Kamis, 20 Juli 2017

Dimanakah Keberanian Seorang Novanto sekarang??




Bapak Setya Novanto, Ketua DPR RI (2014-2019)

Melihat, menonton secara live Mata Najwa kemarin, saya dapat suatu pelajaran yang lumayan berharga untuk dilewatkan begitu saja. Mencoba membandingkan antara norma etika maupun hukum. Seakan-akan bahwa dengan kekuatan hukum tetap atau inkrah-lah bahwa status seorang dalam sebuah jabatan bisa ditarik atau dialihkan ke yang lain.

Padahal melihat kasus kebelakang, ternyata bukan hanya satu dua kasus yang melibatkan bapak Setya Novanto ini. Ada begitu banyak kasus yang terjadi dan ternyata beliau selalu ada tercantum dan dilibat-libatkan. Meskipun status hukumnya sepertinya sulit untuk ditegakkan.

Entah apa kekuatan maupun power dari Bapak ini, seakan-akan hukum kita bertekuklutut dibawahnya. Mungkin pembawaannya yang tenang dan kalem, dan tidak pernah menunjukkan muka yang panik maupun gelisah, sehingga para lawan-lawannya seakan sulit untuk bisa menembus kelemahannya yang sudah jelas tampak nyata. 

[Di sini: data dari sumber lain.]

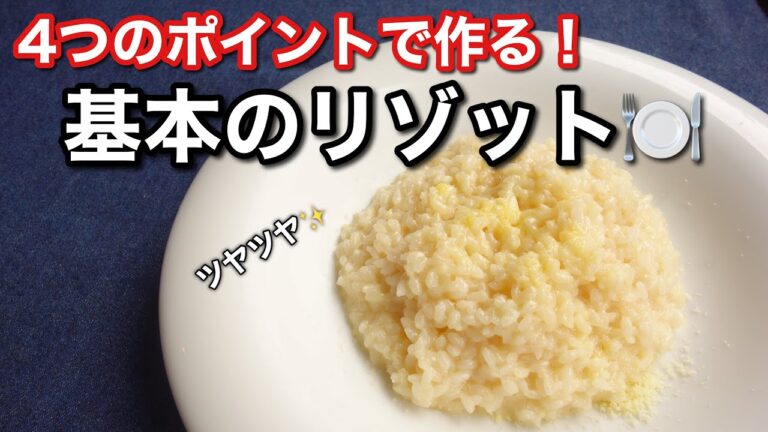 ４つのポイントをおさえて作る！【基本のリゾット】［永久保存版］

Apakah status tersangka yang kini sudah resmi dimiliki bapak ini dari KPK, akan kandas begitu saja dan tidak akan ada episode berikutnya. Sebab sudah pernah kita lihat bagaimana juga dulu, seorang calon Kapolri di tahun 2015 lalu, Bapak Budi Gunawan melalukan proses pra-peradilan dan akhirnya dimenangkan oleh pihak terlapor. Status hukumnya berhenti, dan KPK tidak menindaklanjuti, dan bahkan sekarang juga menjadi pejabat di bidang intelijen bangsa kita.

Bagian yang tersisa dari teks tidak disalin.